Output range, inclusive: from the line containing "श्री एयरलाइन्सको जहाज आकस्मिक अवतरण" to the line containing "BA - imagem". Restate those lines from the data below word for word and only those.

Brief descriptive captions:
::::::
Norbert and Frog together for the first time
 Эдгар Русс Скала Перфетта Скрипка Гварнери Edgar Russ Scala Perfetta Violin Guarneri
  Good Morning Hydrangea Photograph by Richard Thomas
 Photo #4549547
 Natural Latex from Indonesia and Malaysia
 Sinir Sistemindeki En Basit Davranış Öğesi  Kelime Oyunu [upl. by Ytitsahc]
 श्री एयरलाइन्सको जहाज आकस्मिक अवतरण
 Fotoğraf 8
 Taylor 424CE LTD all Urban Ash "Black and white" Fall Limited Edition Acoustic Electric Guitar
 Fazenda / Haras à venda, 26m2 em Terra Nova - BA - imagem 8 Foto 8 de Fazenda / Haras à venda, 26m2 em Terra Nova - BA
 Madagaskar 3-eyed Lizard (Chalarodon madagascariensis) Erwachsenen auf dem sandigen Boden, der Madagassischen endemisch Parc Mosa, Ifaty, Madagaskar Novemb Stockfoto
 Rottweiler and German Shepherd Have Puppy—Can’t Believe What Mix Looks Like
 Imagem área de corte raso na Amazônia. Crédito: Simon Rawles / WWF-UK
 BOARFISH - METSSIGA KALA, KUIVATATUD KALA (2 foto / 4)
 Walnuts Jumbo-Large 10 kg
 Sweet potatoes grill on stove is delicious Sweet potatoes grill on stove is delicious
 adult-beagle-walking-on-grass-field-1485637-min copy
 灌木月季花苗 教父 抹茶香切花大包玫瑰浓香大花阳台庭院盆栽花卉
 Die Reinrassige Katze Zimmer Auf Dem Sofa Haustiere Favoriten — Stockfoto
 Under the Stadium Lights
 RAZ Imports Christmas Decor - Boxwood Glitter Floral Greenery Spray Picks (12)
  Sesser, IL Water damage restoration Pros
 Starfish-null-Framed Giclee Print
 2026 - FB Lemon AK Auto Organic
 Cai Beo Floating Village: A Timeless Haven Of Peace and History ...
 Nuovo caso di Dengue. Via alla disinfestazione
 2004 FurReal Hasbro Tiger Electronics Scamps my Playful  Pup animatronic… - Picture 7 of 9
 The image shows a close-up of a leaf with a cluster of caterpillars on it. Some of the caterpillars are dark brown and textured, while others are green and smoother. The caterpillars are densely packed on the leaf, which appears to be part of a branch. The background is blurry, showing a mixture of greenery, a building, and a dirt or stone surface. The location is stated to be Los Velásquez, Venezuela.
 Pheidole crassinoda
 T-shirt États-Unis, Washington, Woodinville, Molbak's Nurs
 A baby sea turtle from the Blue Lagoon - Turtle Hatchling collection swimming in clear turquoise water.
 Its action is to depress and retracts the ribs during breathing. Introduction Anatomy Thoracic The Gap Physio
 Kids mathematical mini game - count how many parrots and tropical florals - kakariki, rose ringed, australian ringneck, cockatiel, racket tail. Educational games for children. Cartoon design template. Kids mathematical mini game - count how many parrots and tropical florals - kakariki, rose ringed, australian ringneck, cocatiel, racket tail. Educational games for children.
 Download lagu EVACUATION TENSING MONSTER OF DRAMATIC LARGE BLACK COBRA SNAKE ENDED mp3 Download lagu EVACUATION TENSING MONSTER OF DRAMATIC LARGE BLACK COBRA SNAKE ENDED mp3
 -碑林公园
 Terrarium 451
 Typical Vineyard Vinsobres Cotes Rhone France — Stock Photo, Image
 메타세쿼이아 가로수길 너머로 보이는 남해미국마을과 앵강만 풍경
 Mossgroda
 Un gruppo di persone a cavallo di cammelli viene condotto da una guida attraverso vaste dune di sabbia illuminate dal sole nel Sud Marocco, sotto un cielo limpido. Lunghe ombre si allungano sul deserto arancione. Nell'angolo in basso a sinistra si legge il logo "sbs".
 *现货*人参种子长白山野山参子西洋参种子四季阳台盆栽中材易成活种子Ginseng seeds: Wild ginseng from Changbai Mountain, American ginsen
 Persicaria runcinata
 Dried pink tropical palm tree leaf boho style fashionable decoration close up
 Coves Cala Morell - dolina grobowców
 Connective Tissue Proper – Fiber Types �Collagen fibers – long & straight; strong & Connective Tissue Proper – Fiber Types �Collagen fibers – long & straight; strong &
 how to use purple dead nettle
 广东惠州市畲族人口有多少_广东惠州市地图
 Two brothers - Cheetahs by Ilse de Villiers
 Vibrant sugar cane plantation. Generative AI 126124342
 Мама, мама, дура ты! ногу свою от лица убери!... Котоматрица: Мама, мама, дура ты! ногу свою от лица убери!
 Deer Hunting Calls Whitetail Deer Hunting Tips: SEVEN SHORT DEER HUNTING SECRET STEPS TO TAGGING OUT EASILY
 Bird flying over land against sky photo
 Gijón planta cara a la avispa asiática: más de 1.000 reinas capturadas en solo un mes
::::::
Written answer =
 श्री एयरलाइन्सको जहाज आकस्मिक अवतरण
 Fotoğraf 8
 Taylor 424CE LTD all Urban Ash "Black and white" Fall Limited Edition Acoustic Electric Guitar
 Fazenda / Haras à venda, 26m2 em Terra Nova - BA - imagem 8 Foto 8 de Fazenda / Haras à venda, 26m2 em Terra Nova - BA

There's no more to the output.